Re: Planning large IN lists

From: "Atul Deopujari" <atul(dot)deopujari(at)enterprisedb(dot)com>
To: "Tom Lane" <tgl(at)sss(dot)pgh(dot)pa(dot)us>
Cc: "Neil Conway" <neilc(at)samurai(dot)com>, <pgsql-hackers(at)postgresql(dot)org>
Subject: Re: Planning large IN lists
Date: 2007-05-17 09:13:04
Message-ID: 464C1CA0.1060705@enterprisedb.com
Views: Raw Message | Whole Thread | Download mbox | Resend email
Thread:
Lists: pgsql-hackers

Hi,

Tom Lane wrote:
> Neil Conway <neilc(at)samurai(dot)com> writes:
>> When planning queries with a large IN expression in the WHERE clause,
>> the planner transforms the IN list into a scalar array expression. In
>> clause_selectivity(), we estimate the selectivity of the ScalarArrayExpr
>> by calling scalararraysel(), which in turn estimates the selectivity of
>> *each* array element in order to determine the selectivity of the array
>> expression as a whole.
>
>> This is quite inefficient when the IN list is large.
>
> That's the least of the problems. We really ought to convert such cases
> into an IN (VALUES(...)) type of query, since often repeated indexscans
> aren't the best implementation.
>
I thought of giving this a shot and while I was working on it, it
occurred to me that we need to decide on a threshold value of the IN
list size above which such transformation should take place.
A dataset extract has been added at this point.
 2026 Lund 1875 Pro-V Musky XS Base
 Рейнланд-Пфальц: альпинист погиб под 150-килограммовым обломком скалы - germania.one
For small
sizes of the IN list, scalararraysel() of IN list wins over the hash
join involved in IN (VALUES(...)). But for larger sizes of the IN list,
IN (VALUES(...)) comes out to be a clear winner.
I would like to know what does the community think should be a heuristic
value of the IN list size beyond which this transformation should take
place.
I was thinking of a GUC variable (or a hard coded value) which defaults
to say 30. This is based on numbers from the following test:

postgres=# create table w (w text);
CREATE TABLE

postgres=# \copy w from '/usr/share/dict/words'

And run the following query with different IN list sizes
explain analyze select * from w where w in ('one', 'two', ...);

I got the following runtimes:
------------------------------------
IN list IN (VALUES(...)) IN
size
------------------------------------
150 ~2000 ms ~5500 ms
100 ~1500 ms ~4000 ms
80 ~1400 ms ~3000 ms
50 ~1400 ms ~2500 ms
30 ~1500 ms ~1500 ms
20 ~1400 ms ~1200 ms
10 ~1400 ms ~1200 ms
------------------------------------

The IN (VALUES(...)) gives an almost steady state behavior, while the IN
runtimes deteriorate with growing list size.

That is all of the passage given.